Wake DA Lorrin FreemanFor nearly two decades, district attorneys in North Carolina have had discretion to decide which cases are serious enough to warrant the death penalty. In a state where hundreds of murders are committed each year, only a handful of people face capital trials. As public sentiment turns against executions, most N.C. counties haven’t put anyone on trial for the death penalty in more than a decade.

That’s what makes Wake DA Lorrin Freeman’s decisions about the death penalty so egregious. Freeman represents one of the state’s most forward-looking urban counties, yet she pursues the death penalty with the abandon of a 1990s prosecutor ignorant of pesky “modern” concepts like mental illness and racism.

Right now, Freeman is fighting to put Kendrick Gregory on trial for the death penalty — even though he’s in a psychotic state so severe that he refuses to bathe or communicate with his attorneys.

Most of the world has banned the death penalty for people with severe mental illness. In North Carolina, it’s illegal to put a person on trial who is so mentally ill that he can’t understand the proceedings, and Freeman doesn’t dispute that Gregory is acutely psychotic. Freeman’s solution? Force Gregory to take psychiatric medications so she can get her shot at sending him to death row.

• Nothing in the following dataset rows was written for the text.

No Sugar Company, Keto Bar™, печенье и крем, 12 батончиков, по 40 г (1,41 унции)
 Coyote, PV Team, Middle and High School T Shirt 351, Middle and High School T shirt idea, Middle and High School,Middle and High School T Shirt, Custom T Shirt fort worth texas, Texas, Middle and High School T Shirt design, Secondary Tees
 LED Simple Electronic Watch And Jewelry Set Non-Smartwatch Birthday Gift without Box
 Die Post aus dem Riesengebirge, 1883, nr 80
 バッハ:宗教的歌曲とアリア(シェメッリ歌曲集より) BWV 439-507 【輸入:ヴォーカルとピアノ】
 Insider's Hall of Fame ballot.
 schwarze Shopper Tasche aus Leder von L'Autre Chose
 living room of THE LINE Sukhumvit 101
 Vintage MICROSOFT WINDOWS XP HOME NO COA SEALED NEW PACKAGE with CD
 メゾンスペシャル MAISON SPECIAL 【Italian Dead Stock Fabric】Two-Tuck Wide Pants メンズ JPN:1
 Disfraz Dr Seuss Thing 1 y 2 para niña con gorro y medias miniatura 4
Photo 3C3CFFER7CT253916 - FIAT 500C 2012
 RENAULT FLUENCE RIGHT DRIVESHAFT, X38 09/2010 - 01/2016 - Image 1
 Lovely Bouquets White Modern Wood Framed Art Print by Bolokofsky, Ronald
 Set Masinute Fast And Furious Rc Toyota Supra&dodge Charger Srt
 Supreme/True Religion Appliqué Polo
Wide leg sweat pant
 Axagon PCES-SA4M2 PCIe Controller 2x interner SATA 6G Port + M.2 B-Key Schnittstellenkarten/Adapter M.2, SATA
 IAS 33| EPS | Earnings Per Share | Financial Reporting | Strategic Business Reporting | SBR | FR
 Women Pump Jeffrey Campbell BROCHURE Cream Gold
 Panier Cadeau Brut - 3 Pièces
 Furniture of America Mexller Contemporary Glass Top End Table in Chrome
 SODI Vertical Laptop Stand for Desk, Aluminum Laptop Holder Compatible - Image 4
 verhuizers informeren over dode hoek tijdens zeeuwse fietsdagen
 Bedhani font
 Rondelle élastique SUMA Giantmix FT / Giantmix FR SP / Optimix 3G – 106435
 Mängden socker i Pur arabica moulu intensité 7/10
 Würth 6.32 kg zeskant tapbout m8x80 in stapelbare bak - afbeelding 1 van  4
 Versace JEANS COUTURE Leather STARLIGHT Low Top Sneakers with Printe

In the year before the crime, Gregory was committed to a mental hospital eight times. Doctors have diagnosed him with psychosis and schizoid effective disorder, among other things. Most DAs consider severe mental illness, which impairs a person’s ability to control their actions, understand their crime, and participate in their defense, a reason not to pursue the death penalty. In theory at least, the death penalty is meant to be reserved for the worst crimes and the most culpable defendants, and someone with severe mental illness is clearly less culpable. But, apparently, not to Freeman.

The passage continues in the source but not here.